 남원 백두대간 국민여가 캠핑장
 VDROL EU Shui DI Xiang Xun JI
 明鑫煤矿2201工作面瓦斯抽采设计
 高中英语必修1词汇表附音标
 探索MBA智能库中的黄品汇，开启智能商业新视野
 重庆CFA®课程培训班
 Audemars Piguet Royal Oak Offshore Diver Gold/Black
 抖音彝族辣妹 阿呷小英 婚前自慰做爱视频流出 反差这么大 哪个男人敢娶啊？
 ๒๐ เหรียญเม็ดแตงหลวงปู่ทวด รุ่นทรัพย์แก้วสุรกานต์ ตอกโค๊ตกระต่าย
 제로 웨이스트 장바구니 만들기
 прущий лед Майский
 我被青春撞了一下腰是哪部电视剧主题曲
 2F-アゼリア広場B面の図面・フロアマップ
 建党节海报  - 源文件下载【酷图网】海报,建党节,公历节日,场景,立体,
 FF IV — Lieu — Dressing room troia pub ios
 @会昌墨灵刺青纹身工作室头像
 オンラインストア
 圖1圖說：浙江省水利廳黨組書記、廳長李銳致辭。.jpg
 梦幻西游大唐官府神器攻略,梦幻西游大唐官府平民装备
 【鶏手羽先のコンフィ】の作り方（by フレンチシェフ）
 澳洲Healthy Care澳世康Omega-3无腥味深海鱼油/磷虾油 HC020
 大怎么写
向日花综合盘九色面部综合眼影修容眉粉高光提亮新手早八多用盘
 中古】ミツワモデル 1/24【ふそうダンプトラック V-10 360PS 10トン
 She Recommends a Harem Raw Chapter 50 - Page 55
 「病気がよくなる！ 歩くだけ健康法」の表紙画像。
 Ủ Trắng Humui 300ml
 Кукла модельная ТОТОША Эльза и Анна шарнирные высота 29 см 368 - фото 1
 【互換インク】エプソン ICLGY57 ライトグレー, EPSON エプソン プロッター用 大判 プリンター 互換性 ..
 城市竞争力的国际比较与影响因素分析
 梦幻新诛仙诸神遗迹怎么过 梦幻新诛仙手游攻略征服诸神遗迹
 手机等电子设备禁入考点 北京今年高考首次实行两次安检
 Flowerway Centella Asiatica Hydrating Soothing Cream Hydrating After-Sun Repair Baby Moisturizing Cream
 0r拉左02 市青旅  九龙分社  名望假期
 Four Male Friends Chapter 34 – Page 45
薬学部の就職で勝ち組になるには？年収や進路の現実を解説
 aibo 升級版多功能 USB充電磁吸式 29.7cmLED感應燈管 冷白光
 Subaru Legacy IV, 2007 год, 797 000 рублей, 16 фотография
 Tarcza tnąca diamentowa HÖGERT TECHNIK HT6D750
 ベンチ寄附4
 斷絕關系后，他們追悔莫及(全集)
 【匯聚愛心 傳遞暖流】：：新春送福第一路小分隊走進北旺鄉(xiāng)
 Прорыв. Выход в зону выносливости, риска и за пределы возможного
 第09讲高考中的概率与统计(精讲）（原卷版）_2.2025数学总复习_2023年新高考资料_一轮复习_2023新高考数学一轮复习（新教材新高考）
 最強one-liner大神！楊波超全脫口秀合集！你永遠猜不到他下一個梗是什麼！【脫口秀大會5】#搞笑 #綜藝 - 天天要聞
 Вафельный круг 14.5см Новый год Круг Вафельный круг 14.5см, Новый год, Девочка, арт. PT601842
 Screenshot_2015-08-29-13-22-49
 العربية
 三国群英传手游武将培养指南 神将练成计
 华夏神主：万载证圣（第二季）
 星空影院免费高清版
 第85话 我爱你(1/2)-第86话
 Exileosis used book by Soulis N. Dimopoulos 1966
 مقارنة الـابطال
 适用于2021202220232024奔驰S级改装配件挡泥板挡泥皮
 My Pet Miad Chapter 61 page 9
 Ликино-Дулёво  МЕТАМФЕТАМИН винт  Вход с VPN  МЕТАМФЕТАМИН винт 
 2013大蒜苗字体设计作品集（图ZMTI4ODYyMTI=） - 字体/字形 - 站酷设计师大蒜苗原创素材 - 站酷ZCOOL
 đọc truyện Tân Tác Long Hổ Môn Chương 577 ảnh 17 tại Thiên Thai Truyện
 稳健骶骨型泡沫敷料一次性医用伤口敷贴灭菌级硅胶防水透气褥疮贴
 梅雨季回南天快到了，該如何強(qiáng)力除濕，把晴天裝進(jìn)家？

▶ _EXERCISE REQUIREMENTS_:
The material above must be output in full. Keep every word as it is.

▶ _TASK ANSWER_:
 남원 백두대간 국민여가 캠핑장
 VDROL EU Shui DI Xiang Xun JI
 明鑫煤矿2201工作面瓦斯抽采设计
 高中英语必修1词汇表附音标
 探索MBA智能库中的黄品汇，开启智能商业新视野
 重庆CFA®课程培训班
 Audemars Piguet Royal Oak Offshore Diver Gold/Black
 抖音彝族辣妹 阿呷小英 婚前自慰做爱视频流出 反差这么大 哪个男人敢娶啊？
 ๒๐ เหรียญเม็ดแตงหลวงปู่ทวด รุ่นทรัพย์แก้วสุรกานต์ ตอกโค๊ตกระต่าย
 제로 웨이스트 장바구니 만들기
 прущий лед Майский
 我被青春撞了一下腰是哪部电视剧主题曲
 2F-アゼリア広場B面の図面・フロアマップ
 建党节海报  - 源文件下载【酷图网】海报,建党节,公历节日,场景,立体,
 FF IV — Lieu — Dressing room troia pub ios
 @会昌墨灵刺青纹身工作室头像
 オンラインストア
 圖1圖說：浙江省水利廳黨組書記、廳長李銳致辭。.jpg
 梦幻西游大唐官府神器攻略,梦幻西游大唐官府平民装备
 【鶏手羽先のコンフィ】の作り方（by フレンチシェフ）
 澳洲Healthy Care澳世康Omega-3无腥味深海鱼油/磷虾油 HC020
 大怎么写
向日花综合盘九色面部综合眼影修容眉粉高光提亮新手早八多用盘
 中古】ミツワモデル 1/24【ふそうダンプトラック V-10 360PS 10トン
 She Recommends a Harem Raw Chapter 50 - Page 55
 「病気がよくなる！ 歩くだけ健康法」の表紙画像。
 Ủ Trắng Humui 300ml
 Кукла модельная ТОТОША Эльза и Анна шарнирные высота 29 см 368 - фото 1
 【互換インク】エプソン ICLGY57 ライトグレー, EPSON エプソン プロッター用 大判 プリンター 互換性 ..
 城市竞争力的国际比较与影响因素分析
 梦幻新诛仙诸神遗迹怎么过 梦幻新诛仙手游攻略征服诸神遗迹
 手机等电子设备禁入考点 北京今年高考首次实行两次安检
 Flowerway Centella Asiatica Hydrating Soothing Cream Hydrating After-Sun Repair Baby Moisturizing Cream
 0r拉左02 市青旅  九龙分社  名望假期
 Four Male Friends Chapter 34 – Page 45
薬学部の就職で勝ち組になるには？年収や進路の現実を解説
 aibo 升級版多功能 USB充電磁吸式 29.7cmLED感應燈管 冷白光
 Subaru Legacy IV, 2007 год, 797 000 рублей, 16 фотография
 Tarcza tnąca diamentowa HÖGERT TECHNIK HT6D750
 ベンチ寄附4
 斷絕關系后，他們追悔莫及(全集)
 【匯聚愛心 傳遞暖流】：：新春送福第一路小分隊走進北旺鄉(xiāng)
 Прорыв. Выход в зону выносливости, риска и за пределы возможного
 第09讲高考中的概率与统计(精讲）（原卷版）_2.2025数学总复习_2023年新高考资料_一轮复习_2023新高考数学一轮复习（新教材新高考）
 最強one-liner大神！楊波超全脫口秀合集！你永遠猜不到他下一個梗是什麼！【脫口秀大會5】#搞笑 #綜藝 - 天天要聞
 Вафельный круг 14.5см Новый год Круг Вафельный круг 14.5см, Новый год, Девочка, арт. PT601842
 Screenshot_2015-08-29-13-22-49
 العربية
 三国群英传手游武将培养指南 神将练成计
 华夏神主：万载证圣（第二季）
 星空影院免费高清版
 第85话 我爱你(1/2)-第86话
 Exileosis used book by Soulis N. Dimopoulos 1966
 مقارنة الـابطال
 适用于2021202220232024奔驰S级改装配件挡泥板挡泥皮
 My Pet Miad Chapter 61 page 9
 Ликино-Дулёво  МЕТАМФЕТАМИН винт  Вход с VPN  МЕТАМФЕТАМИН винт 
 2013大蒜苗字体设计作品集（图ZMTI4ODYyMTI=） - 字体/字形 - 站酷设计师大蒜苗原创素材 - 站酷ZCOOL
 đọc truyện Tân Tác Long Hổ Môn Chương 577 ảnh 17 tại Thiên Thai Truyện
 稳健骶骨型泡沫敷料一次性医用伤口敷贴灭菌级硅胶防水透气褥疮贴
 梅雨季回南天快到了，該如何強(qiáng)力除濕，把晴天裝進(jìn)家？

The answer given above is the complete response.